Monday, February 25, 2008

Lima, Peru

Sunday to Tuesday, 10 - 12 February 2008

When originally booking this trip, we tried to get a flight to Santiago, the direct route into South America from New Zealand. However February is a busy travelling month in South America. It's Carnaval, the 4 day pre-Lenten celebrations, that start on a Saturday and end on Fat Tuesday (Mardi-Gras). We have no choice but to go the roundabout route to Lima via Los Angeles.

We arrive in LA a half hour late. We had only 2 hours to get on the onward LAN Peru flight to start with, so the already tight transfer begins to look tricky. With the Mission: Impossible score banging in our heads, we jog-walk through US immigration and customs and check our luggage onto the connecting flight. In fairness, we had expected Post-9/11 Fortress USA treatment from staff but there is none of it. Once we explain our situation in our least threatening "top of the morning to you and begorrah, sure aren't we only simple Irish folk" manner, they are very helpful and jump us quickly through the queues. Although we manage to get on to the plane by the skin of our teeth, we have our doubts about the luggage. These doubts are confirmed when we arrive in Lima at midnight. After waiting hopefully for an hour, we are two lone souls at the baggage carousel. The LAN Peru staff are friendly and tell us that the baggage will be on the flight from Los Angeles the next day.

Resigned to wearing the same clothes for another few days, we run the gauntlet of taxi drivers in the arrivals area and look for a sign with our names on it held by a driver from Hostal Iquique, where we have a booking for the night. No such luck. We call the hostel and an inconclusive 10 minute conversation (us in Spanglish, them in heavily accented, fast-forward Spanish) gave us the impression that that the driver may still be in the airport somewhere. We circle the melee a couple of times and finally find a sign saying "Senorita Arrington" in Times New Roman Font 1.5. Our man is not attached to it but we find him eventually and get into his battered taxi and head towards town. We are glad to reach our lodgings for the night although Hostal Iquique is not the quietest of places. A guy in the room beside us alternates between snoring at foghorn levels and then taking calls on his mobile with a ring tone like a sonic boom.

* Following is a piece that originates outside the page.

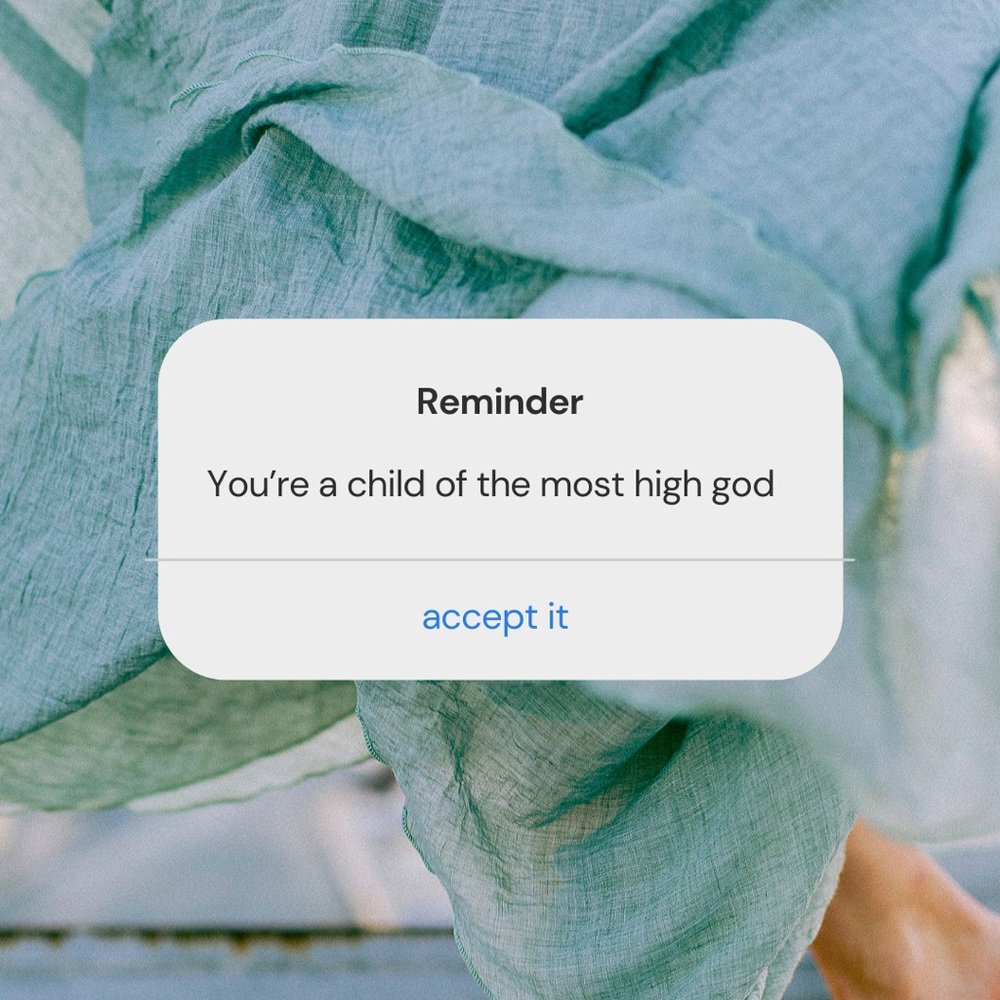 Meet your Posher, Felix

Suffering from a bit of jet lag, we start late the next day. We go for a walk to Plaza San Martin and Plaza de Armas, the two main squares in the city centre, which have a few impressive buildings. Everything that we have heard about Lima is negative, that it is a dangerous city and that we should spend as little time as possible here. A friend from Lima, Milagros, says that we would have been better getting a hostel in the more upmarket suburb of Miraflores. We try to be hyper-vigilant: walking in a two-person phalanx, keeping our bags close to us and only taking the camera out for quick snaps. Because of this paranoia, we don't really enjoy walking around. As gringos, we stick out and feel that we are being looked at constantly (as in Asia, Leahanne, with her "yellow" hair is stared at alot). We are happy to get back to the hostel before darkness falls. But maybe alot of this has to do with our perception of things, as we do not have a single moment where we are threatened or approached by scam merchants. Our impression of Peruvians is that they are a friendly people and are delighted when we try to use a few words of Spanish. The food in Lima is good, particularly for Leahanne, the world's biggest potato fan. Apparently all of today's potatoes can be traced back to a single spud from Peru. We have a patatas dinner in Azato on Arica St. At US$5 for two you can't go far wrong.

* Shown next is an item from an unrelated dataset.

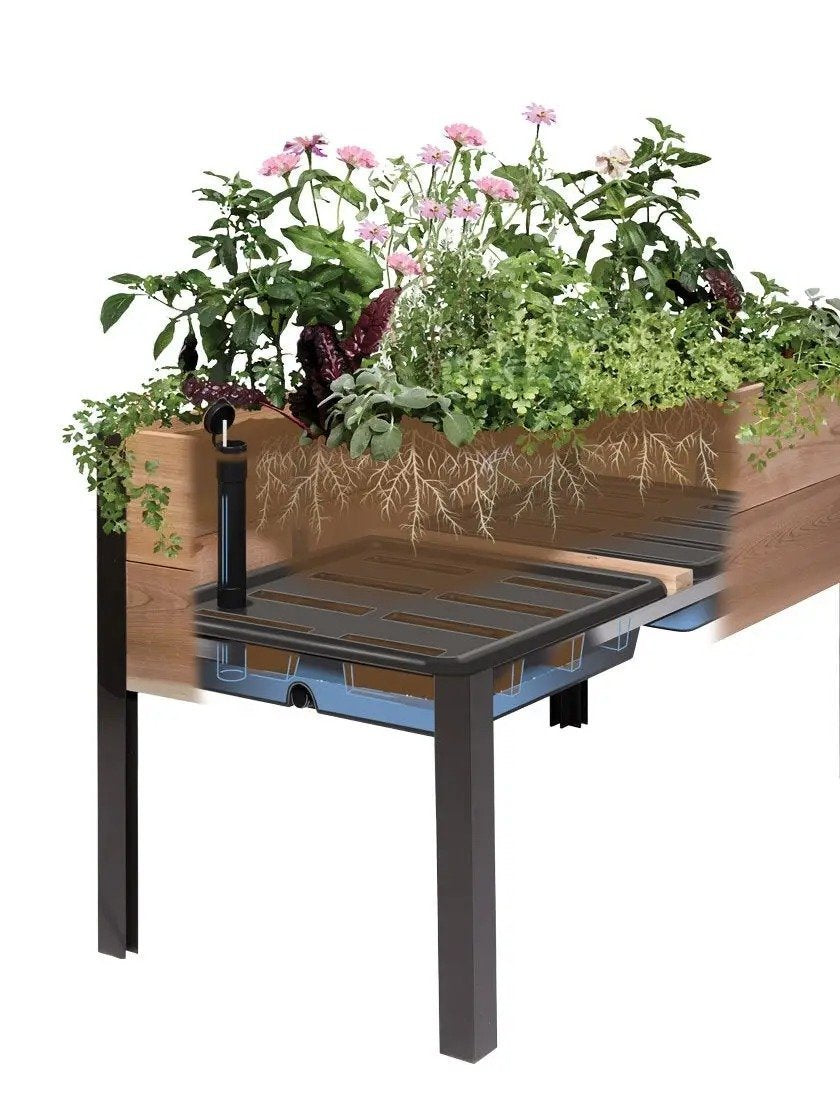 2025 Caja Elevada Auto-Riego Eco-Tintada – Oferta Especial del Día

The next morning there is no sign of the missing backpacks but then we get a call from LAN Peru who say that the bags are on their way from the airport. The predicted arrival time is no more exact than "sometime this morning" which leaves us with an anxious wait as we have to head off to the bus station at 12.30. At 11 o'clock the bags arrive and we (and anybody who has come within 10 yards of our BO) are delighted to be able to put on a changes of clothes for the first time in 3 days and use deodourant. We get a taxi to the Cruz del Sur company's bus station at Avenida Javier Prado. This is a newly built station for its 1st class "Cruzero" service and has plenty of security guards around so we are a bit more at ease. We enjoy one of the most comfortable bus journeys ever - there is plenty of leg room; a main meal and snacks are served; and the in-bus entertainment includes bingo and Hollywood movies with Spanish subtitles, giving us a chance to increase our Spanish vocabulary. The outskirts of Lima, some of them slums, stretch out into a grey desert. There are not many large towns along the Pan-American Highway, which runs southwards parallel to the coast, before our stop at Nazca.

We arrive at Nazca late in the evening and check in to the Hotel Alegria, which turns out to be very swish by comparison with Hostal Iquique. It's too good to be true though - somewhere in the building they keep basic rooms for budget travellers for approximately US$7. However we booked the room by phone and were either accidentally or wilfully misunderstood and put in a comfy room for US$30 a night. Big difference and lesson learned.